*Problem requirements*:
These entries must be printed again exactly as they are.
START Provided information
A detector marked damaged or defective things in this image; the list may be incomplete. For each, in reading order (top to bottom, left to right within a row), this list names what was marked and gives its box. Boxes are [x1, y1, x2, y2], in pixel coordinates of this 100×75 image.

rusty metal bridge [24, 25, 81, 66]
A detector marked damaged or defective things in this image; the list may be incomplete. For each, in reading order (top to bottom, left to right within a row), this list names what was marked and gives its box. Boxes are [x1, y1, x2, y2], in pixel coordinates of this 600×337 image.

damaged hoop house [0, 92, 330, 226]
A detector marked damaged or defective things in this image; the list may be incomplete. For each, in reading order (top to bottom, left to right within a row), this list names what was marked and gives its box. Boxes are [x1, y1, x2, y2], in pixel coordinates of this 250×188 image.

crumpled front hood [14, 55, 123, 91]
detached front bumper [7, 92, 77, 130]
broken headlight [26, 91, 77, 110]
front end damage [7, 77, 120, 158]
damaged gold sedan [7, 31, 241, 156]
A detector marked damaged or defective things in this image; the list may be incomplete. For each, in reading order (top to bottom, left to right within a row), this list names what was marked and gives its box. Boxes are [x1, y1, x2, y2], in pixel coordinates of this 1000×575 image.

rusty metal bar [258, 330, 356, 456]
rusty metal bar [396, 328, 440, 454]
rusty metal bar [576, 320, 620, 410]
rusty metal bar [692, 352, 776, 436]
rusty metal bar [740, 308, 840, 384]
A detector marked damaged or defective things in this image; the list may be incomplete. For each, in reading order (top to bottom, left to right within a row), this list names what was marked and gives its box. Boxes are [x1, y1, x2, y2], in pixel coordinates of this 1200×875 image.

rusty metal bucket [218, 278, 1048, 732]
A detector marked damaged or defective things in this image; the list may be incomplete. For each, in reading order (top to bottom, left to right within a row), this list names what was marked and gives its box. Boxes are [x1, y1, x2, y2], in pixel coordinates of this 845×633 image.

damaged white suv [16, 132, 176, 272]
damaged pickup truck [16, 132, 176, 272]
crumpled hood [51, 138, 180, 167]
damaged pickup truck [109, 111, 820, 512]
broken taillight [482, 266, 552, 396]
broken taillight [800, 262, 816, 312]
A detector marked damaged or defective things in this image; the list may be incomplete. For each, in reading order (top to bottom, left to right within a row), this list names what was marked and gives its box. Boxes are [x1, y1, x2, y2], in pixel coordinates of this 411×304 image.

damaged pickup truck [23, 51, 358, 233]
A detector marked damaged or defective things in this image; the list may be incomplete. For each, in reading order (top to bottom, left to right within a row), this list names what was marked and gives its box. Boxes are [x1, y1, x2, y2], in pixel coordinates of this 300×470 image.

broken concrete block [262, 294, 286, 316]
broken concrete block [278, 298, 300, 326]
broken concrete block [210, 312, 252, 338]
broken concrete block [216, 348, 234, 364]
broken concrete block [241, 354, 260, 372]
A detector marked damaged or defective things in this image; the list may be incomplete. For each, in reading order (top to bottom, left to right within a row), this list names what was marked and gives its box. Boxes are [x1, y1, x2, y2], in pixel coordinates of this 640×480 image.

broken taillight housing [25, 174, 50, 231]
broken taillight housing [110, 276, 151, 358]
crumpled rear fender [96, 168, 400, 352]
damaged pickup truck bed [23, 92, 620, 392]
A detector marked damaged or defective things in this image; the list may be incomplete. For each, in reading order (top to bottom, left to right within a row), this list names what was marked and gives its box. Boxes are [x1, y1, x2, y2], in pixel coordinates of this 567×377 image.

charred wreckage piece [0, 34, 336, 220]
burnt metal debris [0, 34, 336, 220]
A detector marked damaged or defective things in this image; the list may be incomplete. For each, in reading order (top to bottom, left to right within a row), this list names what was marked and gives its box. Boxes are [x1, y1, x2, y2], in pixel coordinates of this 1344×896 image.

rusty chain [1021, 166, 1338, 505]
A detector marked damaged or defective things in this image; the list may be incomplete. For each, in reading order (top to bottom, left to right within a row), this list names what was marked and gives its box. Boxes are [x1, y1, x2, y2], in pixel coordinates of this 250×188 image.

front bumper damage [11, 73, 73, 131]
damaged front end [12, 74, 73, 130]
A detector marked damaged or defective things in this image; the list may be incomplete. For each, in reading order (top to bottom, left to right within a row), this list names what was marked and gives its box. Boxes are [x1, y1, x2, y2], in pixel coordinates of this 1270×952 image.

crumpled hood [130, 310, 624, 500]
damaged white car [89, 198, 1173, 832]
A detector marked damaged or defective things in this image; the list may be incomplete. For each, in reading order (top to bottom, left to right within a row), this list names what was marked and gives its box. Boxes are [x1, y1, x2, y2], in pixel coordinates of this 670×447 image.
END Provided information
*Written response*:
A detector marked damaged or defective things in this image; the list may be incomplete. For each, in reading order (top to bottom, left to right within a row), this list names what was marked and gives its box. Boxes are [x1, y1, x2, y2], in pixel coordinates of this 100×75 image.

rusty metal bridge [24, 25, 81, 66]
A detector marked damaged or defective things in this image; the list may be incomplete. For each, in reading order (top to bottom, left to right within a row), this list names what was marked and gives its box. Boxes are [x1, y1, x2, y2], in pixel coordinates of this 600×337 image.

damaged hoop house [0, 92, 330, 226]
A detector marked damaged or defective things in this image; the list may be incomplete. For each, in reading order (top to bottom, left to right within a row), this list names what was marked and gives its box. Boxes are [x1, y1, x2, y2], in pixel coordinates of this 250×188 image.

crumpled front hood [14, 55, 123, 91]
detached front bumper [7, 92, 77, 130]
broken headlight [26, 91, 77, 110]
front end damage [7, 77, 120, 158]
damaged gold sedan [7, 31, 241, 156]
A detector marked damaged or defective things in this image; the list may be incomplete. For each, in reading order (top to bottom, left to right within a row), this list names what was marked and gives its box. Boxes are [x1, y1, x2, y2], in pixel coordinates of this 1000×575 image.

rusty metal bar [258, 330, 356, 456]
rusty metal bar [396, 328, 440, 454]
rusty metal bar [576, 320, 620, 410]
rusty metal bar [692, 352, 776, 436]
rusty metal bar [740, 308, 840, 384]
A detector marked damaged or defective things in this image; the list may be incomplete. For each, in reading order (top to bottom, left to right within a row), this list names what was marked and gives its box. Boxes are [x1, y1, x2, y2], in pixel coordinates of this 1200×875 image.

rusty metal bucket [218, 278, 1048, 732]
A detector marked damaged or defective things in this image; the list may be incomplete. For each, in reading order (top to bottom, left to right within a row), this list names what was marked and gives its box. Boxes are [x1, y1, x2, y2], in pixel coordinates of this 845×633 image.

damaged white suv [16, 132, 176, 272]
damaged pickup truck [16, 132, 176, 272]
crumpled hood [51, 138, 180, 167]
damaged pickup truck [109, 111, 820, 512]
broken taillight [482, 266, 552, 396]
broken taillight [800, 262, 816, 312]
A detector marked damaged or defective things in this image; the list may be incomplete. For each, in reading order (top to bottom, left to right within a row), this list names what was marked and gives its box. Boxes are [x1, y1, x2, y2], in pixel coordinates of this 411×304 image.

damaged pickup truck [23, 51, 358, 233]
A detector marked damaged or defective things in this image; the list may be incomplete. For each, in reading order (top to bottom, left to right within a row), this list names what was marked and gives its box. Boxes are [x1, y1, x2, y2], in pixel coordinates of this 300×470 image.

broken concrete block [262, 294, 286, 316]
broken concrete block [278, 298, 300, 326]
broken concrete block [210, 312, 252, 338]
broken concrete block [216, 348, 234, 364]
broken concrete block [241, 354, 260, 372]
A detector marked damaged or defective things in this image; the list may be incomplete. For each, in reading order (top to bottom, left to right within a row), this list names what was marked and gives its box. Boxes are [x1, y1, x2, y2], in pixel coordinates of this 640×480 image.

broken taillight housing [25, 174, 50, 231]
broken taillight housing [110, 276, 151, 358]
crumpled rear fender [96, 168, 400, 352]
damaged pickup truck bed [23, 92, 620, 392]
A detector marked damaged or defective things in this image; the list may be incomplete. For each, in reading order (top to bottom, left to right within a row), this list names what was marked and gives its box. Boxes are [x1, y1, x2, y2], in pixel coordinates of this 567×377 image.

charred wreckage piece [0, 34, 336, 220]
burnt metal debris [0, 34, 336, 220]
A detector marked damaged or defective things in this image; the list may be incomplete. For each, in reading order (top to bottom, left to right within a row), this list names what was marked and gives its box. Boxes are [x1, y1, x2, y2], in pixel coordinates of this 1344×896 image.

rusty chain [1021, 166, 1338, 505]
A detector marked damaged or defective things in this image; the list may be incomplete. For each, in reading order (top to bottom, left to right within a row), this list names what was marked and gives its box. Boxes are [x1, y1, x2, y2], in pixel coordinates of this 250×188 image.

front bumper damage [11, 73, 73, 131]
damaged front end [12, 74, 73, 130]
A detector marked damaged or defective things in this image; the list may be incomplete. For each, in reading order (top to bottom, left to right within a row), this list names what was marked and gives its box. Boxes are [x1, y1, x2, y2], in pixel coordinates of this 1270×952 image.

crumpled hood [130, 310, 624, 500]
damaged white car [89, 198, 1173, 832]
A detector marked damaged or defective things in this image; the list may be incomplete. For each, in reading order (top to bottom, left to right within a row), this list names what was marked and gives its box. Boxes are [x1, y1, x2, y2], in pixel coordinates of this 670×447 image.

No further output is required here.